Bears are left dumbstruck by this market’s resilience and no doubt they are crying foul. But it didn’t have to be this way if they had been paying attention. We trade the market, not the headlines. If a person kept this in mind, they would have embraced this strength, not challenged it.

That means buying weakness and selling strength. Stick with what is working until something changes. Did something change today? Nope. That means today’s weakness was a buying opportunity, not a chance to bailout “before things get worse”. Maybe we slip a little further, but that’s not a big deal. Remember, risk is a function of height. The lower prices go, the less risky it is to buy. If this market wanted to crash, it would have happened months ago. There have been more than enough excuses to send prices tumbling. Instead, every time we slip to the lows, supply dries up and prices rebound. This is a resilient market, not a weak one. And the only people losing money are the ones overreacting to these gyrations. They lose money buying when they feel confident (high) and sell when they are fearful (low). If we want to make money, do the opposite of most people. That means buying fear and selling confidence.

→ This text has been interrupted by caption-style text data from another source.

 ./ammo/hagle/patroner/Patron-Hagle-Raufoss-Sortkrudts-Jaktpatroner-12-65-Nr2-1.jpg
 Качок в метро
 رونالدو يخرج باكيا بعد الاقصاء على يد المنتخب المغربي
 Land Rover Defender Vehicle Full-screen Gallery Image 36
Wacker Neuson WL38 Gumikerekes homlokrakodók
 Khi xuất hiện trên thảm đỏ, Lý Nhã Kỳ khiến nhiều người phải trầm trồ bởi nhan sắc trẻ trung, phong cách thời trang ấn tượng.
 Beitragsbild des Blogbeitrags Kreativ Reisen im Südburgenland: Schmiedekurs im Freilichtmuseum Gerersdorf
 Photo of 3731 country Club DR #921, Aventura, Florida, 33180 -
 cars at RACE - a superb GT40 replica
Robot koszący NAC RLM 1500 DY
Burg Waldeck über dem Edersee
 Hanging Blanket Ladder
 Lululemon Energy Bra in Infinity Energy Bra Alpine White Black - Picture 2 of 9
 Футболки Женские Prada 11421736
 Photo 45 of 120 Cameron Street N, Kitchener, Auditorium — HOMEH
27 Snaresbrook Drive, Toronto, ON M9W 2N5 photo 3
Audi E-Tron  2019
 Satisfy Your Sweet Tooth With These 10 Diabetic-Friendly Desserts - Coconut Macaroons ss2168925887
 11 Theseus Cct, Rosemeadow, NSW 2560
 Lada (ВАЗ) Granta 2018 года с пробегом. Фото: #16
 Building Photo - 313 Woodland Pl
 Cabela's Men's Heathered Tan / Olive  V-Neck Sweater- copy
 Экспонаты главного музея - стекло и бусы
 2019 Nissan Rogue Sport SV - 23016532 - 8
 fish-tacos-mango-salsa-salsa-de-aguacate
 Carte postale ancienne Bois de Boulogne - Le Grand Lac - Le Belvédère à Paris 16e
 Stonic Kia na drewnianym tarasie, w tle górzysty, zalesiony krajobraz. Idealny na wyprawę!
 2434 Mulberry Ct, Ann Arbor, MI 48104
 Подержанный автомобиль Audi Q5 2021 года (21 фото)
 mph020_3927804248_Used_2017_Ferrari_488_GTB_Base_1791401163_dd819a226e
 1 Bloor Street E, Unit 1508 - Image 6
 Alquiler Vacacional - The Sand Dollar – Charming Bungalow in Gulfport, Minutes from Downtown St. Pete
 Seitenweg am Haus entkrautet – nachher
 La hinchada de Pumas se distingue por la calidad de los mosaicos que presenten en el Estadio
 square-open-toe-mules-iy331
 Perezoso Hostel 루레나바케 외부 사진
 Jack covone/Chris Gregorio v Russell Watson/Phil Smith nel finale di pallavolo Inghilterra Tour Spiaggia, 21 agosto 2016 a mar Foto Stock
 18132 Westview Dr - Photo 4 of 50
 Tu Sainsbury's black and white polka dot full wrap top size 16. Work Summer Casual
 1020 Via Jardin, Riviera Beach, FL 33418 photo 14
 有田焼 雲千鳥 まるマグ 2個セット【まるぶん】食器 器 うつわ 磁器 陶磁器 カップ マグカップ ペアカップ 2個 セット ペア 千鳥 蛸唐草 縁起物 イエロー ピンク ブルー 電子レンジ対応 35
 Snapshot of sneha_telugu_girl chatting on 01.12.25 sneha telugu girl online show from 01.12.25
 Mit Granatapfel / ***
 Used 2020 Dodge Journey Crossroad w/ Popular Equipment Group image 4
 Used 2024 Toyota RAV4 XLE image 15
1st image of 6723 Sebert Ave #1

If this market ignored bad news in May and June, why would that change in July? Given yesterday’s resilient price-action, clearly it hasn’t.

But that was then and this is now. What people want to know is what comes next. If it isn’t obvious yet, this market wants to go higher and it isn’t going to let headlines get in its way. Either we jump aboard and enjoy the ride, or we get out of the way. But we most definitely don’t fight it.

If this market was fragile and vulnerable, we would have crashed months ago. Bears can talk all they want about complacency, but they forget periods of complacency often last months and even years before ending in a top. Confident owners don’t sell and the resulting tight supply propping up prices. Headlines don’t matter when no one sells them and that is the exactly what is happening here. Right or wrong, it doesn’t matter, I trade the market and this market wants to go up.